Don't uninstall, archive apps, suggests Google to Android users
Google is introducing a new Auto Archive feature on Android, which it calls auto-archive. Auto Archive is an alternative to uninstalling apps when storage space is running out.
Android users who operate devices that are low on storage space may not be able to install new apps or use existing apps. One way to free up space is to remove unused apps from the device. There are others, like running a cleanup tool to free up temporary data.
Auto Archive is designed to be an alternative to the good old removal of apps to free up space. Instead of removing apps, Android users may opt-in to archive them instead. Archiving frees up nearly 60% of an app's storage space according to Google.
The main difference between uninstalling apps and archiving them is that the apps remain on the device in the latter case.
Once users opt-in, the Android system will archive infrequently used apps on the device to save space. Google notes that Auto Archive will preserve personal data, but it will remove non-personal data to free up storage space.
A simple tap on an archived app, which still has its icon shown on the device, downloads the latest version of the app from Google Play before it can be run. Since personal data is not removed when apps are archived, users may pick up right where they left off.
The process has a few caveats: first, that the app needs to be available on Google Play, and second, that it may take some time to download the app. Also, if there is not enough storage space, the app may not be downloaded and the process is canceled.
Applications need to be provided as App Bundle, which is up to the developer of the application. Google notes that applications eligible for auto-archive will have a lower chance of being displayed among uninstall suggestions to Android users.

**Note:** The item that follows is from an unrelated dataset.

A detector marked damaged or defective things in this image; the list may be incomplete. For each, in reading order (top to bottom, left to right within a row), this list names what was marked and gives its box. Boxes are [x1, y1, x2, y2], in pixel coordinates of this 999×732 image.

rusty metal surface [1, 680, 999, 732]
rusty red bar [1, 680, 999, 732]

How users may opt-in to auto-archive
Auto Archive is an opt-in feature, but it is not available as a Setting on Android devices. When Android users install apps on Google Play, Google Play may prompt users to enable auto-archive if the device is out of storage.

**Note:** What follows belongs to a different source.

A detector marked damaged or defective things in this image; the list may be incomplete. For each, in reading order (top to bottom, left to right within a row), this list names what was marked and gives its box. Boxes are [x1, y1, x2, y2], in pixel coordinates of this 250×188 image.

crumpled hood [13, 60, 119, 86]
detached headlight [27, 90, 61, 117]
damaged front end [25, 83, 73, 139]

The prompt "Turn on app archiving to free up space" is displayed on Google Play in that case. Users may opt-in by selecting "Turn on", or decline by selecting "No thanks". Declining cancels the installation of the app. In that case, Android users may use other means to free up storage space on their device before they can install the app.

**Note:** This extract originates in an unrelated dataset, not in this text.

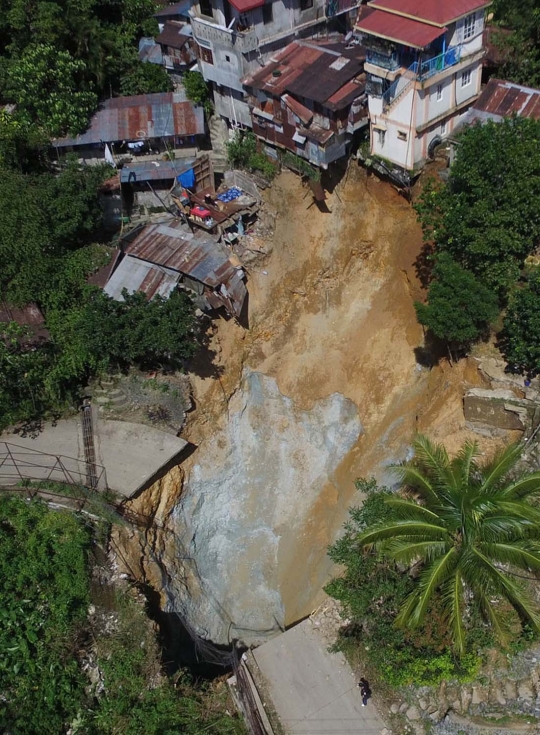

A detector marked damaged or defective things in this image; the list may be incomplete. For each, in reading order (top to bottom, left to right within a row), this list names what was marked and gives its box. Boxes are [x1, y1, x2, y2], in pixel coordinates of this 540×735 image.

rusty corrugated metal roof [54, 92, 205, 148]
rusty corrugated metal roof [474, 78, 540, 120]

App archiving on Android may remind browser users of tab sleeping functionality. The main difference is that tab sleeping frees up memory for the most part, while app archiving storage space.
Now You: what is your take on the new feature?
I am really astonished: Google, the powerful and wonderful company that is destroying hundreds and hundreds of apps after applying weird and unexpected obsolescence Android scheduling plans, now telling us “to archive” the apps. Reason enough to just uninstall them with no mercy. Thanks for the article.
If you aren’t using them, why archive them? Are people that lazy they need Google to do everything for them!
Sadly, yes. It’s called infantilizing the populace, so we are compliant drones.
“Since personal data is not removed when apps are archived, users may pick up right where they left off.”
I assume that it’s not personal/non-personal data in the legal sense of the term but rather that erasable cache is what is called non-personal data, otherwise this approach could be catastrophic.
There are many pre-installed parasitic Google apps that can’t be uninstalled under the pretext that they would be too “system” for that (even Youtube, seriously ?), I’d be glad if some space could be saved by archiving or whatever can be done to those if killing them remains impossible.